PIMS students often have the opportunity to work with real remains in an embalming laboratory, where they preserve and prepare bodies for viewing. Here, they practice the techniques on unclaimed remains – bodies donated to science or remains sent to the school by families who can’t afford for their loved one’s preparation at a licensed funeral home.

In restorative art, students build wax faces for remains that have been damaged in an accident, in surgery or by disease.

After the basic year-long study of funeral service management and any additional schooling for associate or bachelor’s degrees, students can become medical examiners, chemists or take a job in a morgue.

But most – probably 99 percent – want to become funeral home directors or owners, according to Ogrodnick.

The business of mortuary science originated with the practices of the ancient Egyptians, famed for their mummies.

The birth of modern embalming came during the American Civil War.

Funeral home businesses then boomed in 1945, when G.I.s returned from World War II looking for a job requiring quick training.
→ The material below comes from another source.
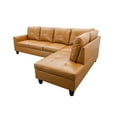 thumbnail image 3 of Hommoo L Shaped 4-Seat Couch, Faux Leather Sectional Couches and Sofas, Modern Living Room Furniture Sets Sectional Sofa Set, Ginger(No Ottoman), 3 of 6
The first mortuary schools moved students through their ranks and into the professional funeral home field in nine months.

Some towns in those days even had more funeral homes than gas stations, Ogrodnik said.

Today, Pennsylvania has more funeral homes per capita than any other state, according to Ogrodnik. The Keystone State has about 1,900, though the entire nation only has 21,500.

With the national death rate predicted to spike in 2020 and rise steadily until 2080, according to the U.S. Census Bureau, the students at Pittsburgh Institute of Mortuary Science will be kept busy for quite some time.